The Victorian age marked the era when pornography became an industry as the ability for mass printing meant that pornography could be made widely available. The Obscene Publications Act of 1857 made distributing this material harder, yet it did not stop the flood, it merely pushed it underground. Of the many sexual practises portrayed in pornographical material, there is one that became so prolific in England that it became known as ‘Le Vice Anglais’ (the English Vice): the act of flagellation. Although flagellation stems from religious penance, it became entangled with sexual desire and flagellomania was rife in the Victorian era.
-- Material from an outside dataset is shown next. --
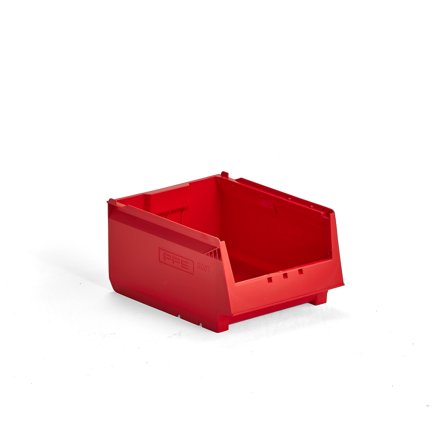 Sichtlagerkasten AJ 9000, Serie 9067, 300 x 230 x 150 mm, rot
The significance that flagellomania had can be seen in the existence of flagellation brothels where customers could pay to undertake a flogging for sexual gratification. One brothel in particular held a reputation for flagellation: the brothel belonging to Theresa Berkley. Berkley created a special apparatus, named the Berkley Horse, to assist the flagellation of her customers.
Flogging was not only important in the sexual sense as the issue was also discussed in relation to the ostensibly non-sexual flogging of children for punishment. However, similar to the issue of tight lacing, the discussions within the public forums, such as the Englishwoman’s Domestic Magazine and the Family Herald, were often originating from ‘prurient or [...] questionable motives.’ These spurious letters were sadomasochistic and pornographic in tone and were often related to the punitive nature of girl’s boarding schools.
The idea of the boarding school as an arena for flagellation and punishment can be seen in the flagellatory story The Mysteries of Verbena House. At last the bottom of the Bellasis was really exposed to view. It was a real perfect posterior. It swelled out grandly, properly, and gradually from a sloping small of the back that would have satisfied a Grecian sculptor. There were two lovely dimples just above the top and below a couple of sharply-defined creases, caused by the over powering swelling of the hemispheres, now that the thighs were tightly pressed together. [...] They showed health by their hardness, and terror by the goose-flesh look they had [...] It was a regal bum, yet tough withal. One that would take a fair amount of punishment [...].
Important here is the portrayal of the Victorian female bottom in flagellatory literature. Pornography was based on the pleasures and sensations of the body, as opposed to the realm of the mind seen in Victorian high art. The Victorian age was also concerned with the cataloguing of bodily parts and, disguised as it was by layers of petticoats or crinolines, the female bottom became a shining beacon for flagellation fetishists.
The Erotic Ankle: The Myth of the Sexualised Piano Leg
The Victorian era has often been termed as repressed both socially and sexually, however this is clearly not the case and the myth of the covered piano legs is metonymic of this fact. The traditional view of Victorian sexuality is that they ‘were so afraid of the power of sexuality that they felt compelled to cover up the legs of their pianos; they obscured signs of the body even where they existed only by inference.’ Certainly the strict dress codes of the time denote that female legs and ankles remain covered under swathes of fabric and to bare them is considered wholly indecent. Yet the idea that the Victorians covered the legs of their pianos as they were too provocative and evocative of the hidden female form is a common misconception.